## DATA PROVIDED
::::::::

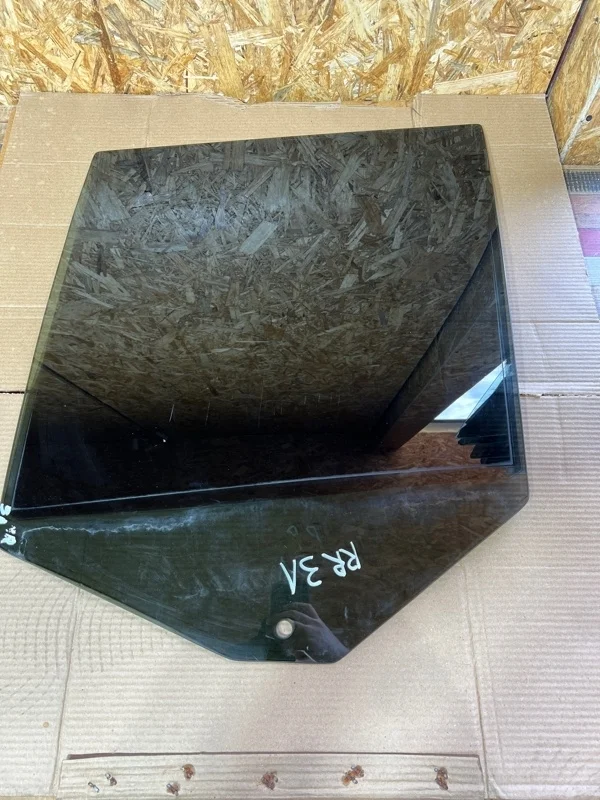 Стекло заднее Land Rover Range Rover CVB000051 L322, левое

::::::::

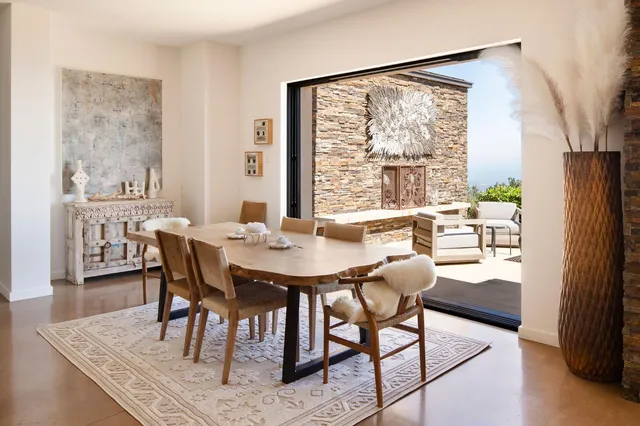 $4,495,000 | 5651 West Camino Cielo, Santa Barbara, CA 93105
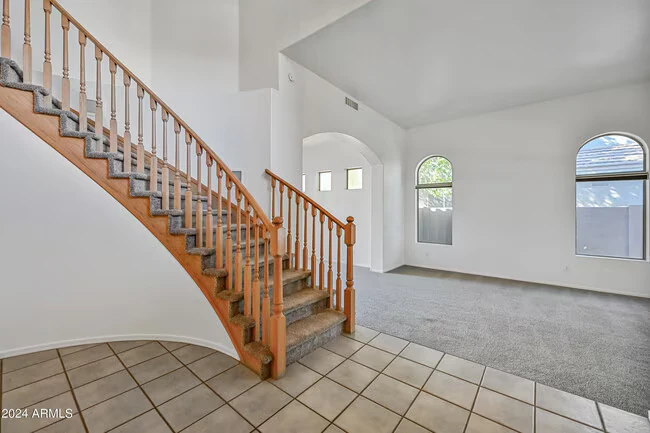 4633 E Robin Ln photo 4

::::::::

To complete this exercise, transcribe exactly the lines above from the one that holds "Barbara, CA 93105" through the one that holds "4633 E Robin Ln photo 4". Pictures stay out.

 $4,495,000 | 5651 West Camino Cielo, Santa Barbara, CA 93105
 4633 E Robin Ln photo 4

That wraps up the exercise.